— Your instructions —
The data below should be retyped exactly, with the pictures left out.

— Supplied data —
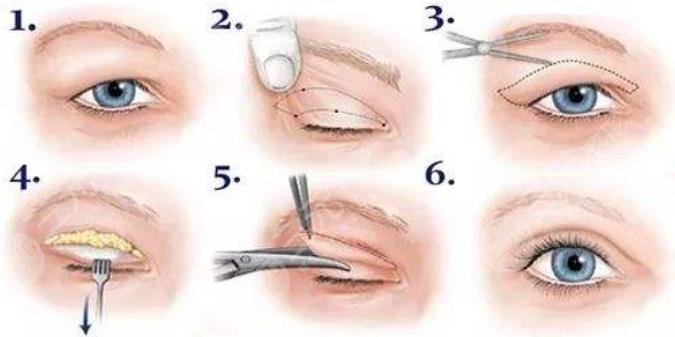 雙眼皮修復(fù)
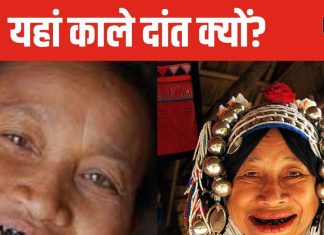 इस देश में काले रंग के रंगवाते थे दांत, लोगों को पसंद नहीं था सफेद, कभी घूमी है ये अनोखी जगह?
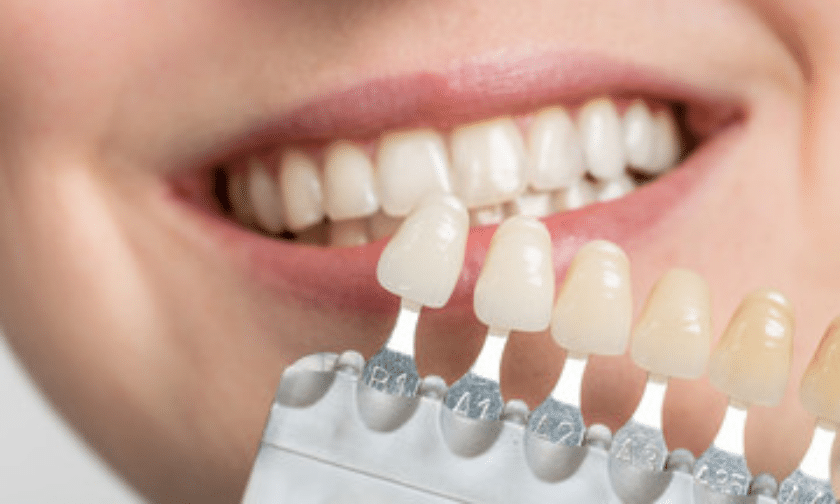 dental veneers benefits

— Expected answer —
 雙眼皮修復(fù)
 इस देश में काले रंग के रंगवाते थे दांत, लोगों को पसंद नहीं था सफेद, कभी घूमी है ये अनोखी जगह?
 dental veneers benefits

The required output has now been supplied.